Hardline Republicans in the U.S. House of Representatives have rejected a bill proposed by their leader to temporarily fund the government, increasing the likelihood of a partial government shutdown. The bill, which aimed to extend government funding by 30 days, included spending cuts and restrictions on immigration that had little chance of passing the Democratic-controlled Senate. With a shutdown imminent, federal agencies may close, national parks may shut down, and up to 4 million federal workers may have their pay disrupted. House Speaker Kevin McCarthy suggested that the chamber might still pass a funding extension without the conservative policies that had alienated Democrats, but the next steps remain uncertain.
The potential government shutdown has raised concerns about the impact on the economy and the military. U.S. Treasury Secretary Janet Yellen warned that a shutdown would undermine economic progress by idling programs for small businesses and children and could delay infrastructure improvements. President Joe Biden expressed concern about the impact on the armed forces, calling it a dereliction of duty. Republican infighting and the refusal of some lawmakers to support temporary funding extensions have led to the impasse. Some Republicans argue that Congress should focus on passing detailed spending bills for the entire fiscal year, while others believe that a stopgap bill that can win approval in the Senate and from Biden is necessary.

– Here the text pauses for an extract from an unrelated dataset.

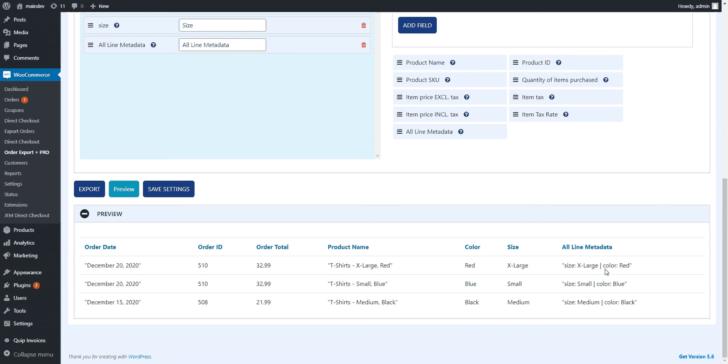So depending on what your exact needs are, if you just want it for packing, maybe this is enough. If you want it in a separate column, so you can send it off to your dropshipper, this is maybe what you need here. But again, lots of flexibility for whatever you need.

The possibility of a government shutdown is drawing attention to the repeated brinkmanship in Congress and its potential consequences. This would be the fourth shutdown in a decade and comes just four months after a similar standoff that almost led to a default on the country’s debt. The uncertainty resulting from these situations has raised concerns about U.S. creditworthiness. Ultimately, the fate of the government funding extension lies in the hands of both the House and the Senate, with procedural hurdles possibly delaying a final vote until Tuesday.